Wieder den ganzen Tag meinen Namen hören, der wie ein Weckruf durch meine erstarrte Seele hallte. Meist fällt mir das mit dem Namen gar nicht mehr so auf, es ist bereits so normal geworden. Aber an Tagen wie heute ist es wirklich erquickend. Einmal ergab sich ein relativ heftiges Fachgespräch zwischen zwei meiner Jungs, bei dem es um eine Schnittstelle ging in einem meiner Programmteile. Ich stand da in der Tür und war nur indirekt an der Diskussion beteiligt, da ging ein Ping-Pong los im Stil von: “ja wenn sie das so macht”, “aber sie müsste dann”, “für sie ist es besser wenn”…… und zig Mal gings hin und her, ständig wurde über mich gesprochen und das in einer Selbstverständlichkeit in der “sie”-Form.

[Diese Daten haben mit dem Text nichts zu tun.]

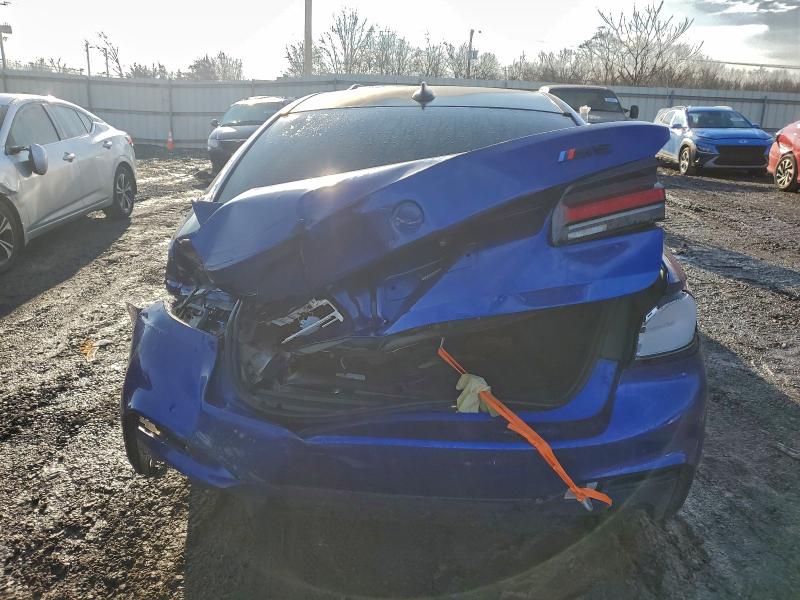 BMW M5 2018 VIN WBSJF0C59JB282308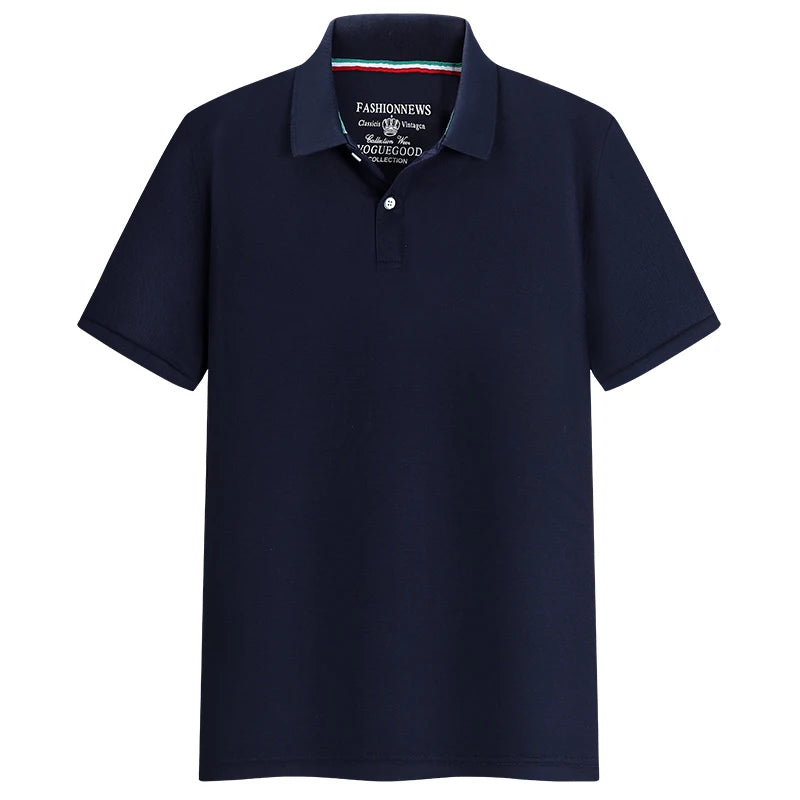 Polo Shirts Custom Logo Printing/embroidery 100% Polyester Breathable Male Polo Employee Polo Shirt Uniform Top Shirts For Men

Ich stand fasziniert da, sog die Worte wie ein Schwamm auf und meine grad mal wieder in Trümmer liegendes Frausein wuchs von Satz zu Satz.

Was wirklich schön war daran, war das Gefühl, dass wenigstens die Leute, die täglich mit mir zusammen sind, dass die in mir immer mehr die Frau sehen die ich bin oder mich zumindest als diese Frau respektieren. Das ist ein grosser Trost und genau genommen ist es sogar das Wichtigste, abgesehen von meinem Selbstbild und meiner Selbsteinschätzung. Von denen, die mir nahestehen, ernst genommen zu werden, ist mehr wert als tausend idiotische Blicke zerstören könnten. Mir wurde mal wieder bewusst, wie froh ich sein kann, dass ich so gute Leute um mich rum haben, ich weiss nicht, ob ich das ohne diese Akzeptanz überstehen würde.

Es wird noch viele Hochs und Tiefs geben, noch viel Lebensfreude und Verzweiflung, aber solange ich mich habe und mich sein kann und solange die mir Nahestehenden weiter so nahestehen, solange wird diese Bergundtalbahn auch sicher ihrem Ziel entgegen fahren.

Aber ich muss wirklich über die Bücher gehen. Dieser Vorfall diese Woche hat mir gezeigt, dass ich mich nicht darauf verlassen kann, dass mir meine neue Lebensfreude jede Widrigkeit des Lebens wegfegt. Auch die schönsten Schuhe nützen wenig, wenn Du keine Füsse hast – auch die grösste Lebensfreude macht nicht unverletzlich.